4. How can I cut down the components and ultimately the price?

• Part of the problem is that 13V is not enough to fully charge the battery. It would be normal to switch from fast charging to float charging at 13.8V, and stop charging at 14.4V, but that still doesn't entirely explain the short life. How many amp-hours is your charging cycle? – user_1818839 Aug 3 '15 at 10:46
• Thanks for your response, I am not getting what you mean by amp-hours charging cycle. Battery is 9 AH capacity. – Arjun Aug 3 '15 at 10:48
• The inductive spikes from the relays may have destroyed the transistors. Google "relay protection diodes" – user_1818839 Aug 3 '15 at 11:39
• Charge to AT LEAST 13.7V - maybe more. DO NOT discharge under 11.5V. IF the mains is off often and this drains often then you are in cycle mode and 14.4V should be used and still do not discharge under 11.5V. A LA battery floated at under 13.7V will die quickly. – Russell McMahon Aug 3 '15 at 13:40
• You can save some battery power by arranging the circuit so that the relay is operated when AC power is available, and released when operating from battery. – Peter Bennett Aug 3 '15 at 15:52

Charge to AT LEAST 13.7V - maybe more.

DO NOT discharge under 11.5V.

IF the mains is off often and this drains often then you are in cycle mode and 14.4V should be used and still do not discharge under 11.5V. A LA battery floated at under 13.7V will die quickly.

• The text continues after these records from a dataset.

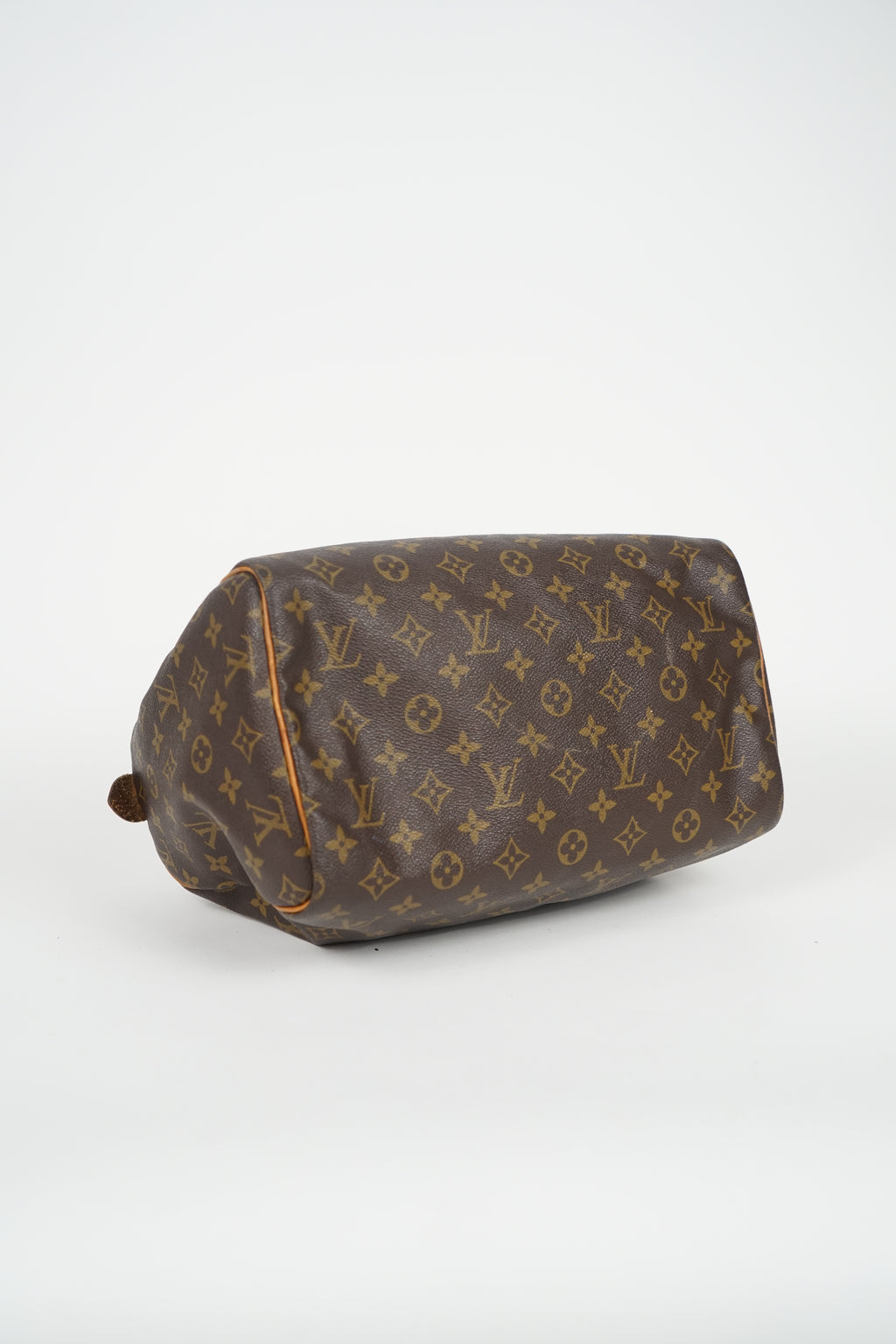 Vintage Louis Vuitton Classic Monogram Speedy Bag 30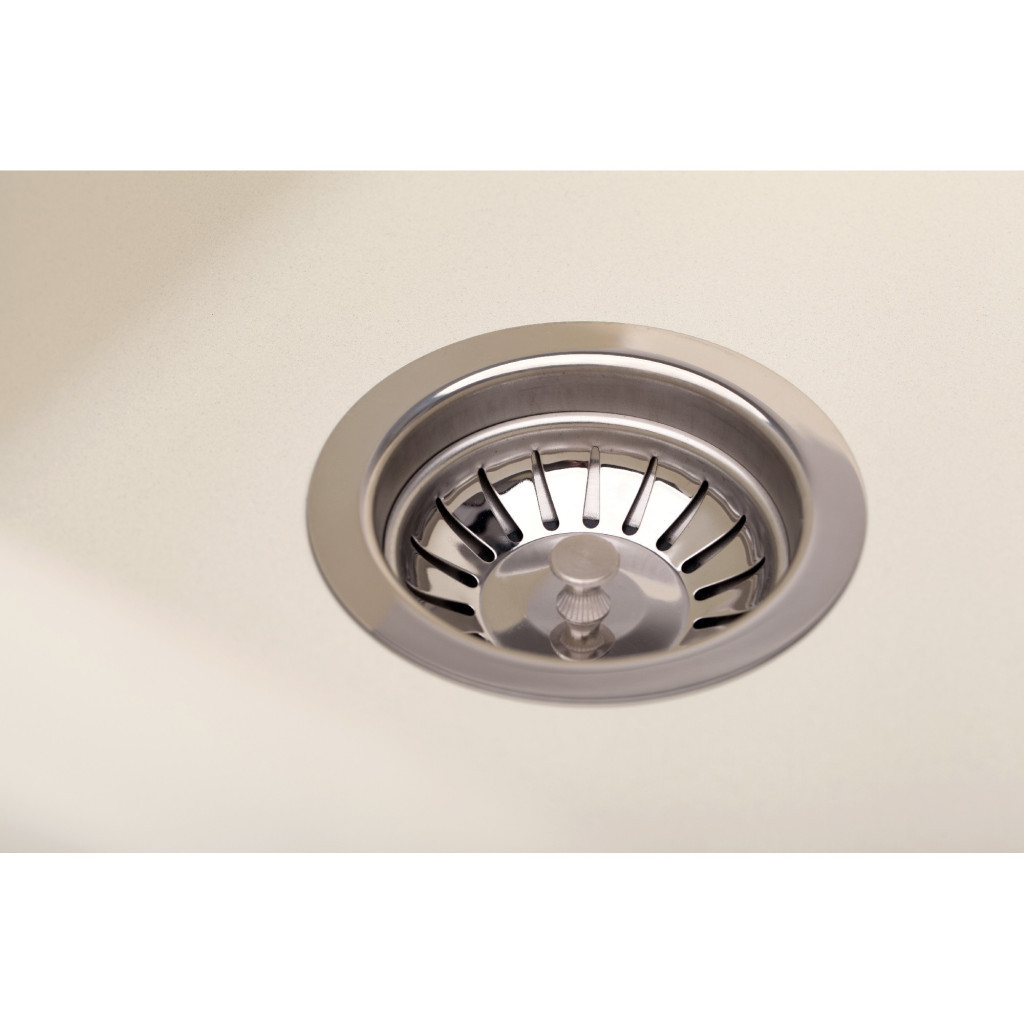 Мийка кухонна GRANADO LEON ivory (gr1004) - зображення 3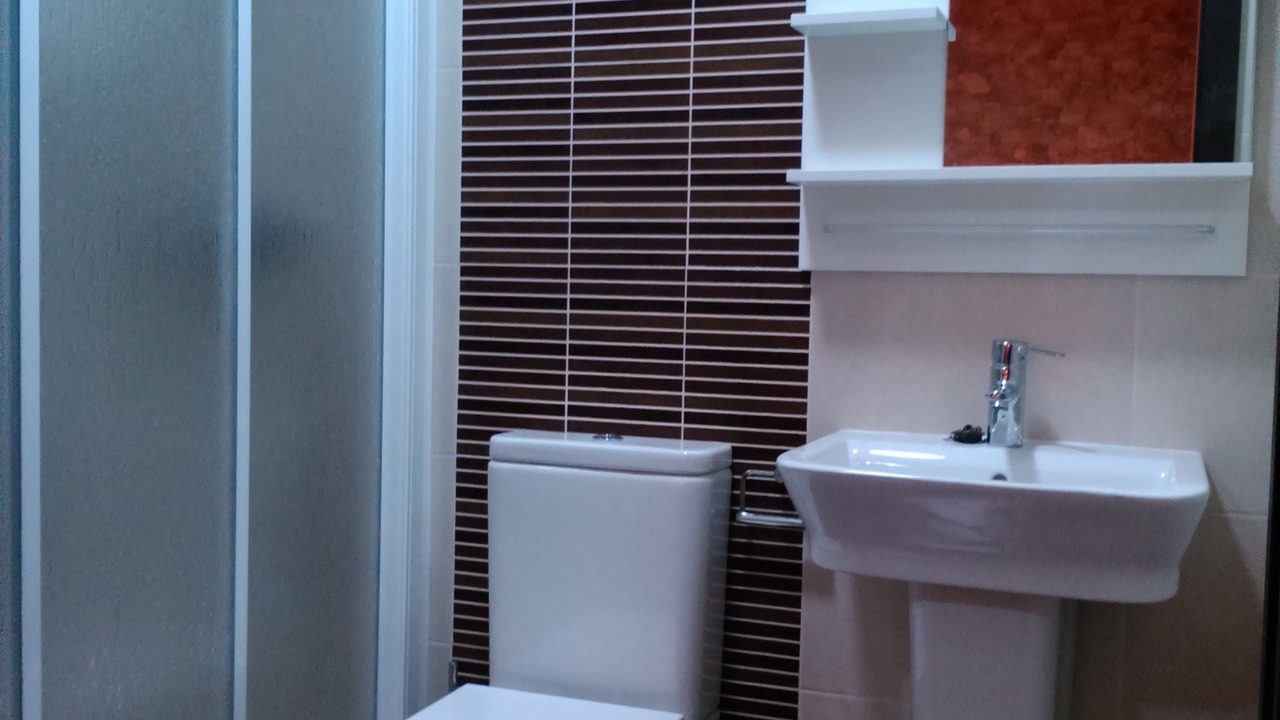 Photo of Bathroom in Faio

If floated at 13.7V the battery can be left connected indefinitely - the current will fall to zero in time.

If doing frequent discharges you should ideally charge to say 14.5 volts, hold it there "for a while" then set the voltage to 13.7V. "A while" above depends on how deep you discharged it. See Battery University - read all the lead-acid material.

Also see these prior answers of mine some of which are relevant, and skim these for relevant material.

Modem: At 15V in to the 7809, if the modem draws 600 mA, then the 7809 will dissipate
Power = V x I = (15-9) x 0.6 = 3.6 Watts. It will need a substantial heatsink. You can reduce 7809 dissipation by placing a series resistor between supply and 7809 (NOT in battery circuit). Measure supply when supplying modem.
Rseries ~= (Vsupply -9V + 3V_headroom) / 0.6
If Vsupply = 15V then Rseries ~= (15-9+3)/.6 = 3/.6 = 5 Ohms.
Use say 4R7.

Power in R = I^2 x R ~= 1.8W.
Use a 5W resistor, air cooled.

Measure Vin at 7809.
Probably needs 11 to 12V - see datasheet.
Adjust R at max modem draw to still have enough Vin to 7809.
Add capacitor at 7809 input - 100 uF at least - bigger is better.

The voltage detection is imprecise and varies with ambient and part temperature, an extreme exampr of this is "T2". As it begins to turn off it drops more voltage C-E, burns more watts and heats up, this reduces the Vbe needed to turn it on and it stays partially on well below the desired set-point. Only when it's well baked and the battery is almost ruined does the relay turn off, even then the battery is still required to run the two voltage dividers.

T1 has a similar problem during the charging of the battery, but this time the feedback is partially positive, so it probably doesn't fare as badly as T2

to make it cheaper, loose T1 , K1 , and the Shottkey diode, and instead charge the battery from SCRs connected to the transformer secondary. this will probably also allow a smaller capacitor to be used.

for voltage level detection a TL431 offers a temperature compensated set-point and needs only a small bias current (meaning you can also use larger resistances in the divider) the TL431 may be able to drive K2 directly, but add a freewheeling diode ob K2,

drive the resistive divider for K2 voltage sense from the appliance input, this way it will turn off when the battery is depleted.

the the charging voltage sensor is not as easily isolated from the battery, but you could add a diode between the SCR and the battery ads sense voltage there,

swapping the 7809 for a switched mode regulator will result in improved power efficiency and thus allow savings by using a smaller battery but getting the same life.